_What to do_. In the records below, find the line containing "Pants for dogs" and the line containing "Thelocactus bicolor ssp.". Give again exactly those lines and every line between them, omitting the pictures.

_Material shown_.
++++++++++

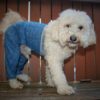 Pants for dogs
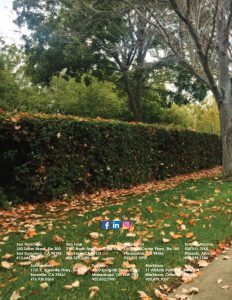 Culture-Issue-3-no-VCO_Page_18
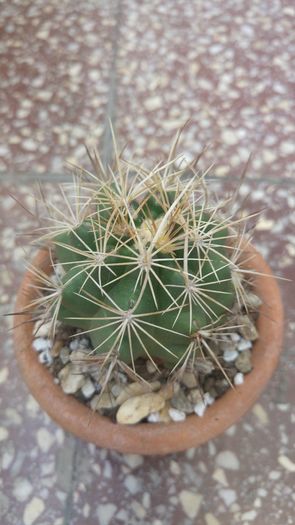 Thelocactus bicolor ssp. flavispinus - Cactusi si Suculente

++++++++++

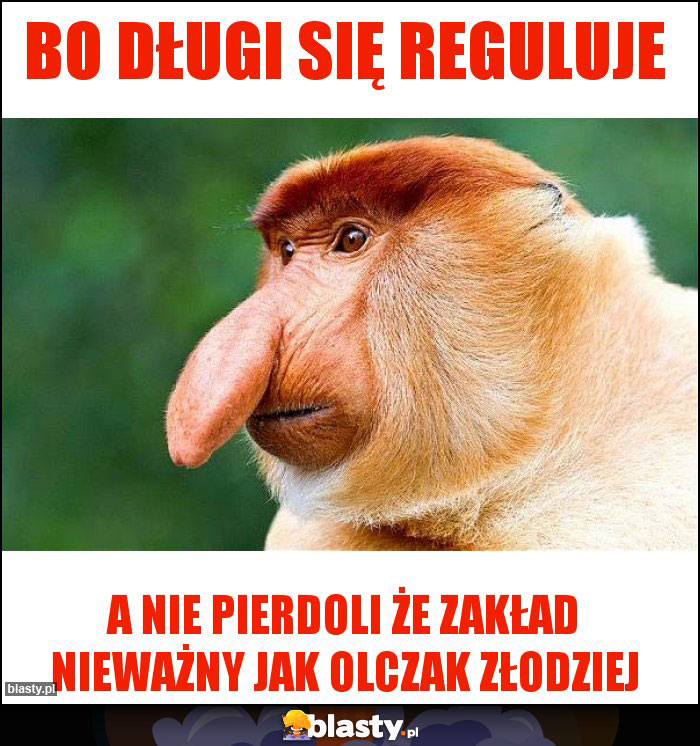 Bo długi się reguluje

++++++++++

_Answer section_.
 Pants for dogs
 Culture-Issue-3-no-VCO_Page_18
 Thelocactus bicolor ssp. flavispinus - Cactusi si Suculente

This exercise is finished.